Introduction is the moment in which the presenter has a unique chance to make the first impression and build his credibility. (S)he needs to introduce himself as a speaker (and explain why he can teach us something or give us some important new information), and introduce the topic. That needs to be done in the way that (s)he gives to the audience WIIFM (What’s in it for me?) – reason why should they bother to listen to this presentation, and why should they be interested in this topic. Introduction is also an opportunity to announce our agenda and inform people of expected flow of the presentation. It is crucial to establish motivation/interest of audience in the topic at the very beginning, otherwise the presenter will lose their attention.
This is the part of the presentation where the presenter delivers the whole content and facts of what (s)he is here to present. It is really important to maintain the structure, while delivering all of the content, especially if the presentation is long – make sure to show the agenda throughout the presentation, while passing to different parts of the presentation, and inform the audience where in the agenda you are at the moment. To keep the audience interested and make points more clear and memorable, good presenter always uses examples , quotes, analogies, memory hooks, stories…..The more creative and diverse elements you put in, the more impact you have on people remembering things that you tell them and show them.

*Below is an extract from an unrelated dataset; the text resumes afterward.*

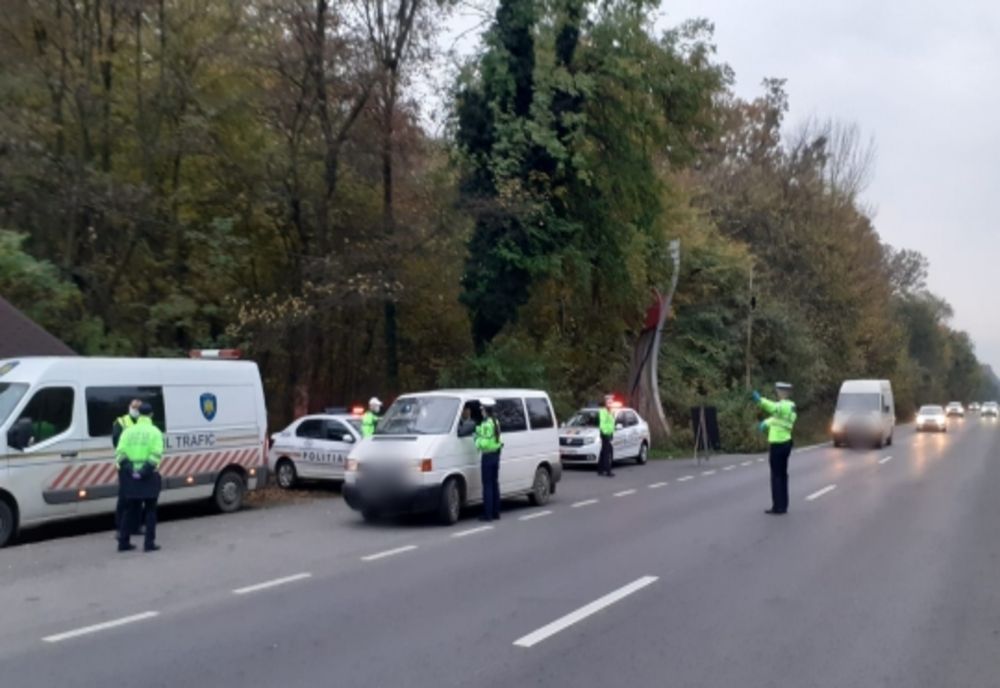 Transportatorii de marfă și persoane, în vizorul polițiștilor din Prahova
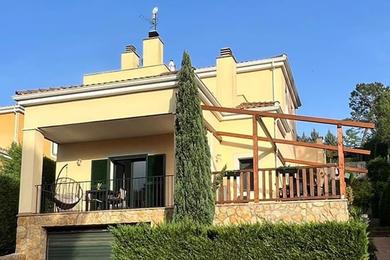 Villa Detached house with pool nearby Girona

As people in the audience can be very diverse in a way in which they focus their attention, presenter must always be sure to involve all types of personalities and senses – visual, auditive, kinesthetic and digital. Although every human interacts with the world and events around him/her via all of these 4 systems (pictures, sounds, feelings and sensations and words and self-talk), when processing new information (as for example happens when listening to presentation), each individual uses some of this senses more extensively than other senses. For that reason, it is very important to underline the information that the presenter gives in each of these 4 systems. For visual, it is best to put in some pictures or diagrams, as well as colors. For kinestethic, add in some movement and practical elements where possible. For auditive, pay attention to vocal variety (and underline with your voice the most important points). For digital/analytical, put in some facts, numbers and “proofs” for points that you are making (eg. statistics).
This is the right moment in the presentation to leave the audience with strong message. Summarize the point of everything that has been said. Make it short, direct and memorable. And remember to call them to action!